Über schmale Landstraßen geht es bis zum Ausgrabungsort Alexandreia Troas – zwar nur mit einem kurzen Absatz im Reisebuch erwähnt bot dieser Ort allerhand Sehenswertes und auch der Apostel Paulus hatte es vor 2 Jahrtausenden besucht. Zwischen hohem Gras erhoben sich noch ganze Mauerreste und man konnte die Umrisse von Gebäuden erahnen. Eingezäunt gab es verschiedene Friese deren Figuren noch in erstaunlich gutem Zustand waren und mitten im Gras lag eine Tempelfassade – so wie sie wohl einst gestanden hatte. Den Ort gab es schon vor 2000 Jahren und es war uns unbegreiflich, wie er hier so ohne Beachtung hindümpelte – aber über die holprigen Landstraßen verirrte sich wahrscheinlich selten ein Tourist. Ein paar Meter weiter die Straße entlang gab es noch ein paar Steinbögen die von der einstigen Thermenanlage übriggeblieben waren. Auf der anderen Straßenseite stand nur noch ein unförmiges Mauerstück welches wohl einmal ein Tempel gewesen war, was man sich aber echt nicht mehr vorstellen konnte. Fast alles war frei zugänglich, die Landstraße ging mittendurch, man konnte überall herumlaufen.

Auf dem Weg zum Übernachtungsplatz wurden wir von stark bewaffneten Polizisten angehalten, da diese jedoch nur bruchstückhaft Englisch sprachen wussten wir zunächst nicht was sie wollten. Am Ende schauten sie unsere Ausweise an sowie einmal ins Auto und wir konnten weiterfahren. Wir übernachten direkt am Meer, das sich friedlich und ohne Wellen vor uns erstreckt. Leider ist es abends noch zu kalt um draußen zu sitzen, aber tagsüber klettern die Temperaturen schon auf die 20 Grad.

Auch die nächste Nacht verbringen wir am Strand, aber diesmal in Nachbarschaft zu einem merkwürdigen Ferienhäuser-Dorf. Blockweise stehen hier exakt die gleichen Häuser in Reih und Glied, Unmengen davon, aber alle sind sie leer und warten auf ihre Sommergäste.
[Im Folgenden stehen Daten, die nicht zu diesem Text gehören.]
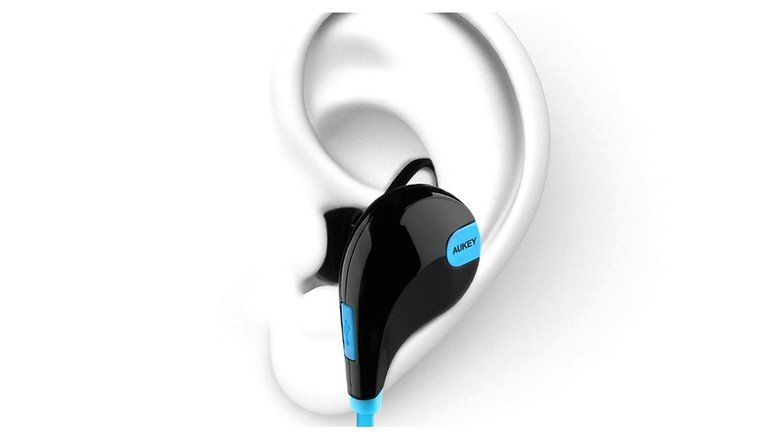 aukey auricolari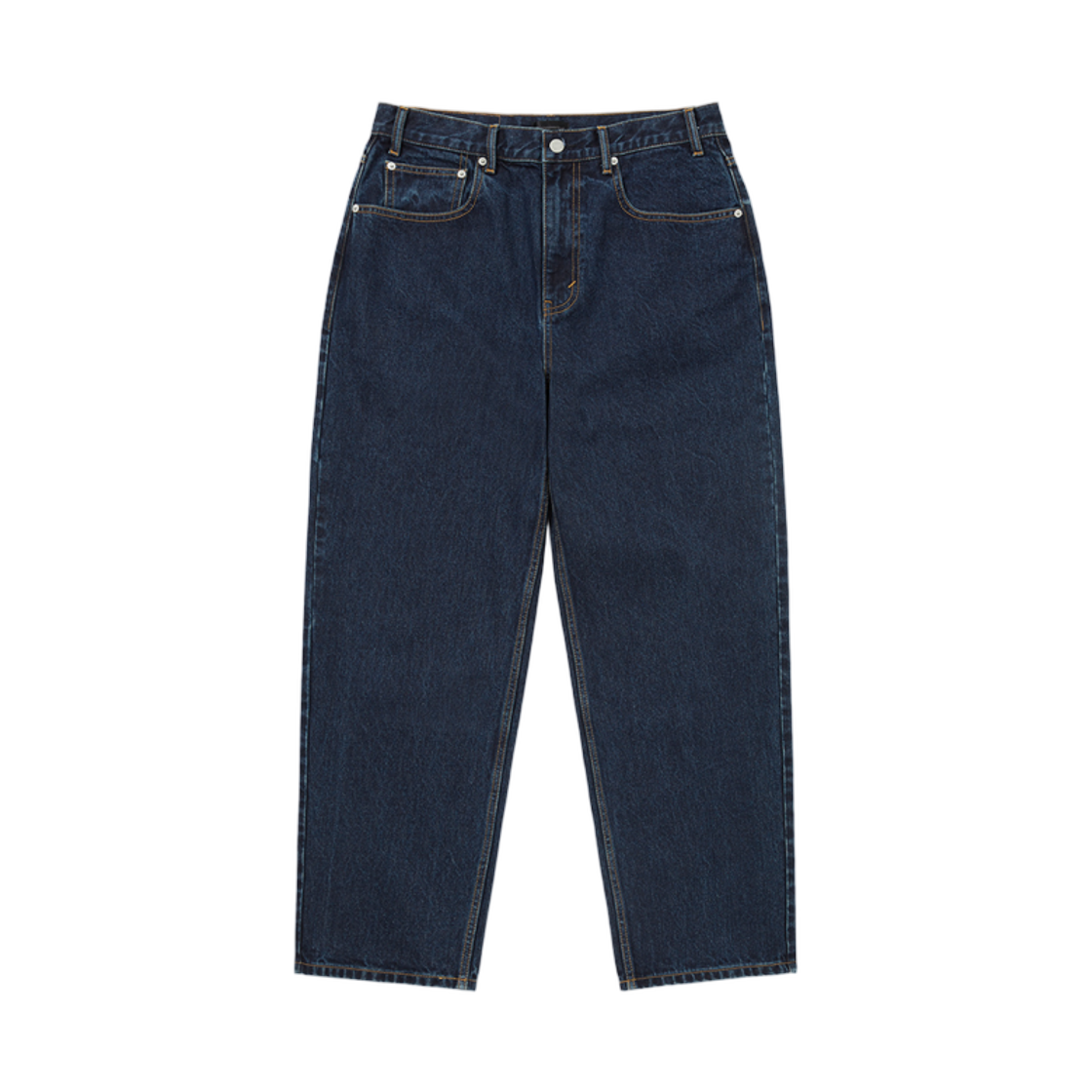TN263DPA5P02WIN thisisneverthat Relaxed Jeans Washed Indigo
Wir erreichen den Burgberg auf dessen Spitze das alte Pergamon thront und fahren einmal bis nach oben und parken auf einem kleinen Parkplatz – die Touristenmasse wird eigentlich via Seilbahn hochgebracht, da es oben keinen Platz für die Reisebusse gibt. Die Hauptwege sind mit Holz ausgelegt, aber es steht einem frei sich durch die mit Wildblumen geschmückten Ruinen zu bewegen. Besonders eindrücklich ist das Theater, welches den natürlichen Hang ausnutzt und einen fantastischen Blick auf die umgebenden Hügel bietet – es bot einst Platz für 10.000 Zuschauer.

Der Burgberg bot nur wenig gerade Flächen und so bauten zunächst die Griechen hohe Mauern die sie dann verfüllten, die Römer hingegen errichteten hohe Gewölbe für neue Plateaus. Diese waren seinerzeit ungenutzt, heute lagerte darin allerhand Kleinfunde und Material der Ausgrabungsstätte. Wir sind fast ganz allein unterwegs, bis eine Horde Kinder die Anlage stürmt und die umherliegenden Säulen als Spielplatz benutzt – ganz in der Tradition ihrer Vorfahren: auch diese waren wenig beeindruckt von den Marmorfunden und nutzen diese um Kalk zu brennen. So kommt es, dass heute viele Teile des einstiegen Haupttempels fehlen – aber ein paar Passende wurden trotzdem wieder aufgerichtet und vermitteln einen guten Eindruck von der einstigen Größe.

Das Fundament des berühmten Pergamonaltars, der in ganzer Größe im Pergamon-Museum in Belrin zu bewundern ist liegt unscheinbar am Rande des Burgberges und man sieht nur noch die Fundamente. Wir lernten dazu, dass Carl Humann den Tempel nicht als Ganzes vorfand, mal eben abbaute und nach Berlin verschickte, sondern dass er die Einzelteile des Tempels in einer von den Byzantinern errichteten Stadtmauer verbaut entdeckte und zusammenpuzzelte. Zwar schmuggelte er diese dann trotzdem halb-illegal aus dem Land, aber immerhin hat er sich dafür Mühe gemacht sie zunächst zu finden.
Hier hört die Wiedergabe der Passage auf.